Estimates of discharge for the selected flood probabilities can then be used to estimate the range of flood probabilities of a particular flood by means of two approaches. The upper and lower bounds for the range of probability are determined by comparing a particular flood peak (in this case, the peak from the 2008 flood) directly to estimated flood peaks for the selected probabilities. This method fails to consider the uncertainty of the estimates of flood peaks for the selected probabilities. An alternative approach is to determine the 95-percent confidence intervals for flood peaks corresponding to each of the selected probabilities and to compare the particular flood peak to these confidence intervals. If the flood peak falls within a particular confidence interval for a given probability, that probability is considered to be a likely estimate for that peak. In cases where the flood peak falls within the confidence interval for multiple probabilities, the estimated flood probability is reported as a range.

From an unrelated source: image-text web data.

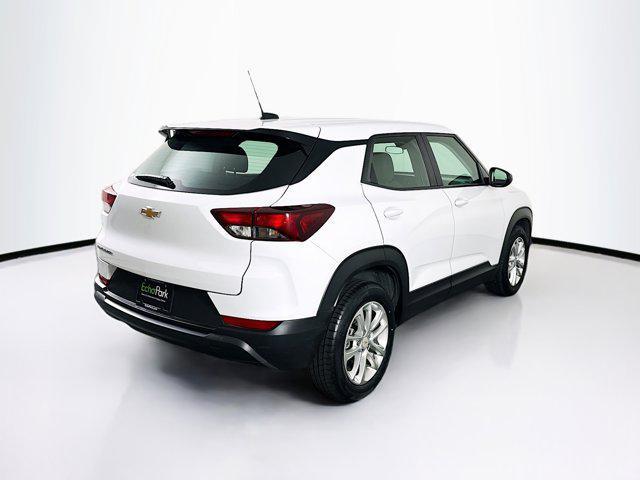 used 2024 Chevrolet TrailBlazer car, priced at $18,996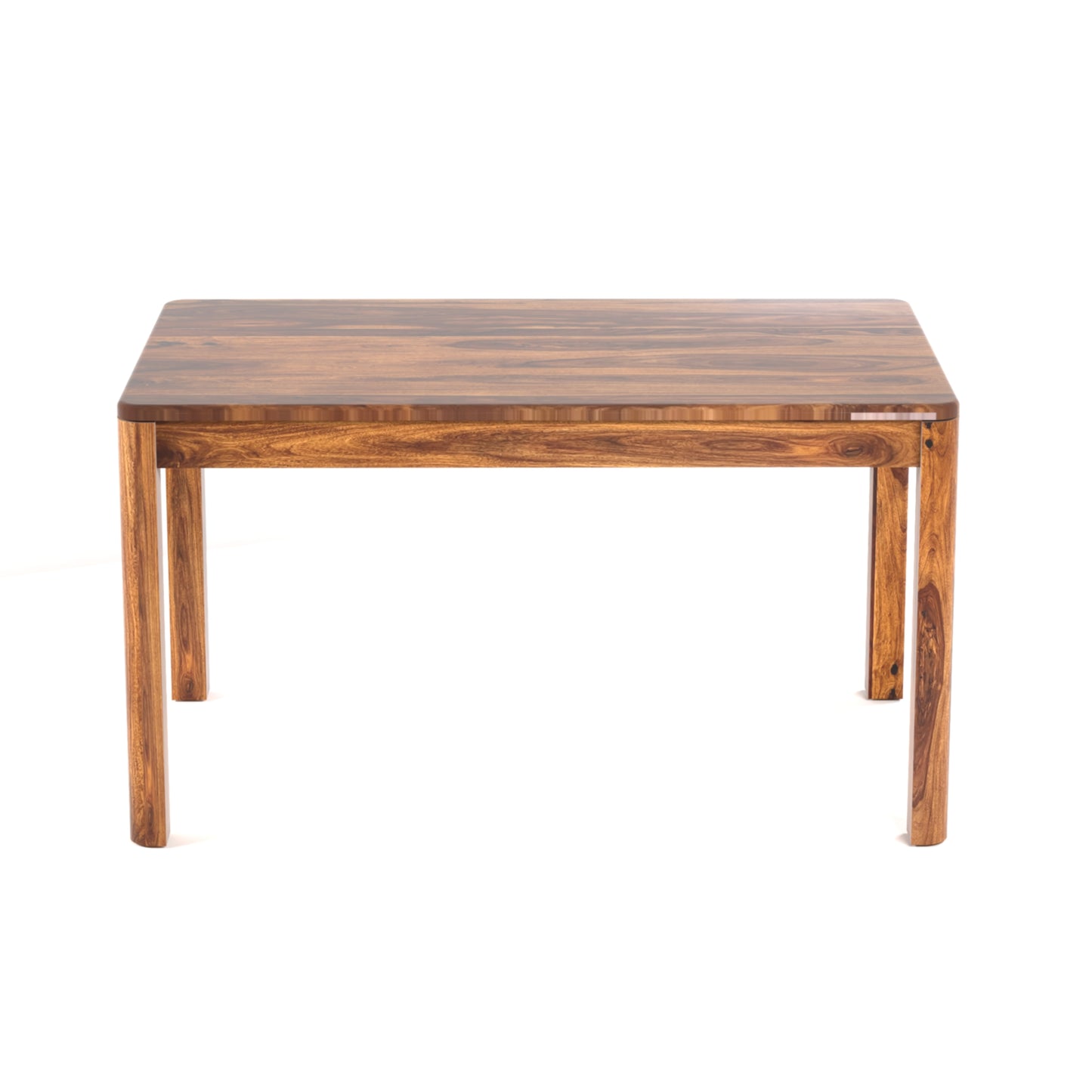 Toronto Sheesham Wood 4 Seater Dining Set in Honey Finish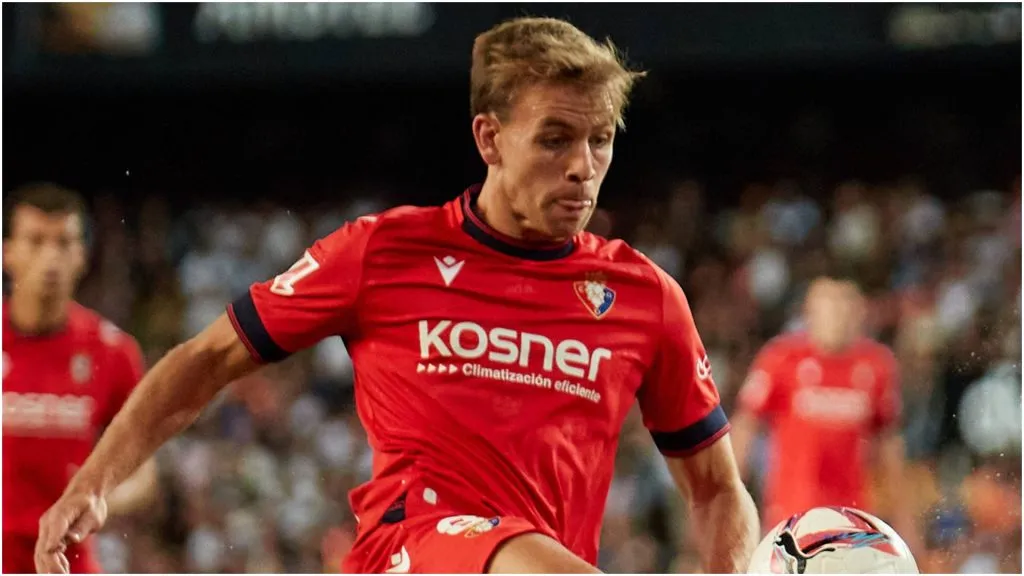 Pablo Ibanez Central Midfield of CA Osasuna – IMAGO / Photo Players Images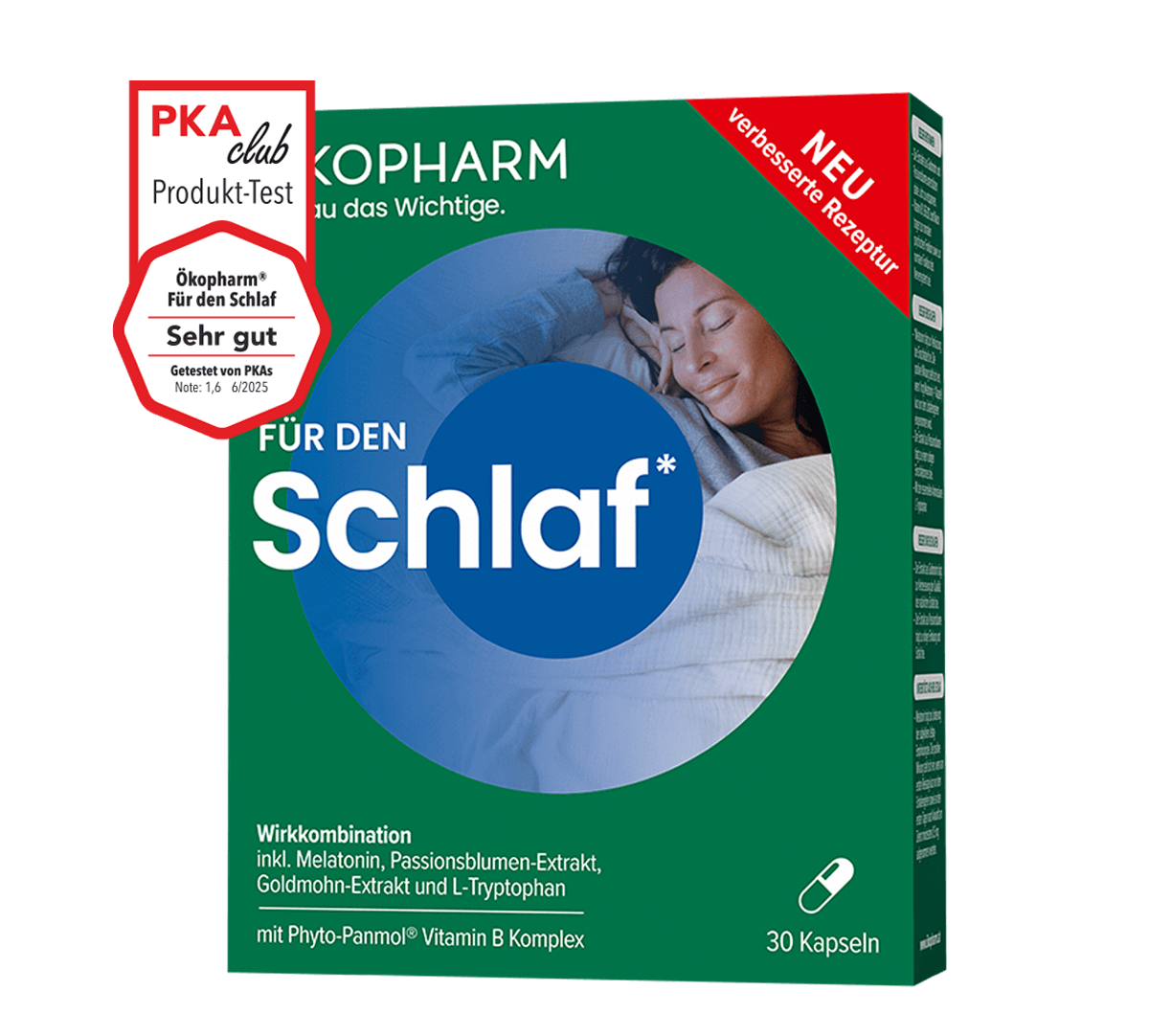 Ökopharm für den Schlaf Produktbild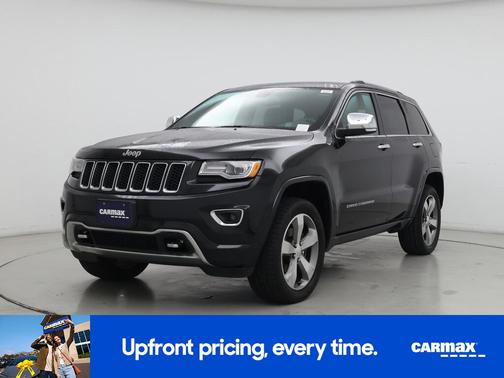 2014 Jeep Grand Cherokee Overland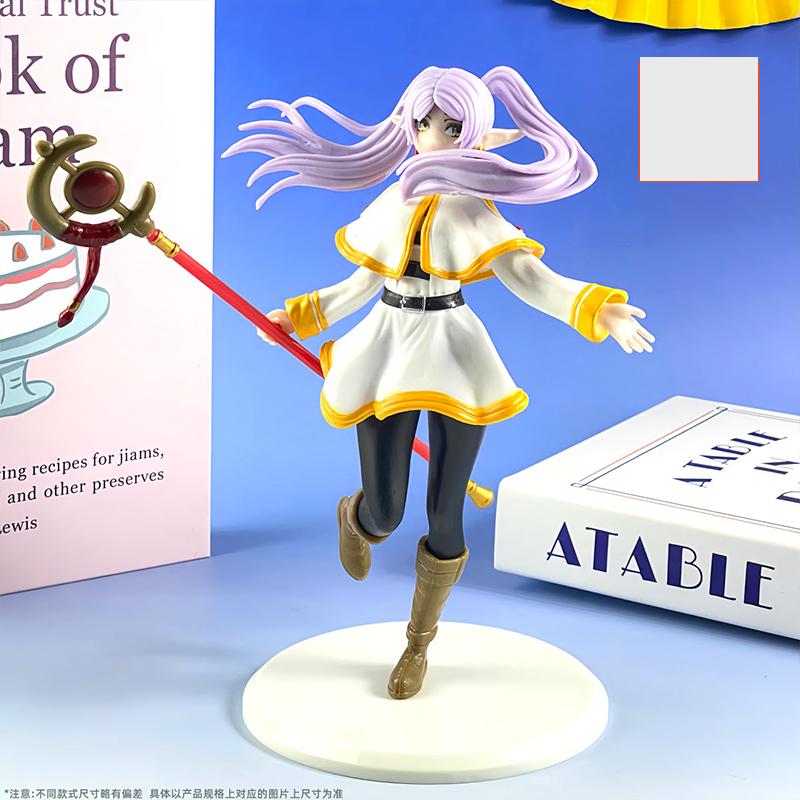 The Action Figure Frieren Beyond Journey's End Anime Girl Figure Noodle Stopper Sousou no Frieren Collectible Model Doll Toys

Collection of High-Water-Mark Data
High-water marks were identified and flagged by the USGS in nine communities in southern Wisconsin during August 4–28, 2008, approximately 2 months after floodwaters receded. High-water marks were set on both sides of each stream at spacing of approximately 500 to 1,000 ft, in accordance with standard USGS methods (Benson and Dalrymple, 1967). Commonly, stain lines on buildings, trees, or other structures were used. High-water marks were readily visible within the flooded areas despite the 2 months between flooding and high-water-mark identification (fig. 4). High-water marks were identified, mapped, and photographed, and associated information was recorded. The quality of the high-water marks was subjectively rated in the field as excellent, good, fair, or poor by the high-water-mark crews. Ratings were based on the clarity of the mark and visual or hand-level comparison to nearby marks. Data collected during marking were tabulated into a database. A subset of high-water marks previously surveyed by Jefferson County, the city of Reedsburg, city of Janesville, and the U.S. Army Corps of Engineers was used to supplement and verify USGS high-water marks and expand the spatial coverage for the inundation maps.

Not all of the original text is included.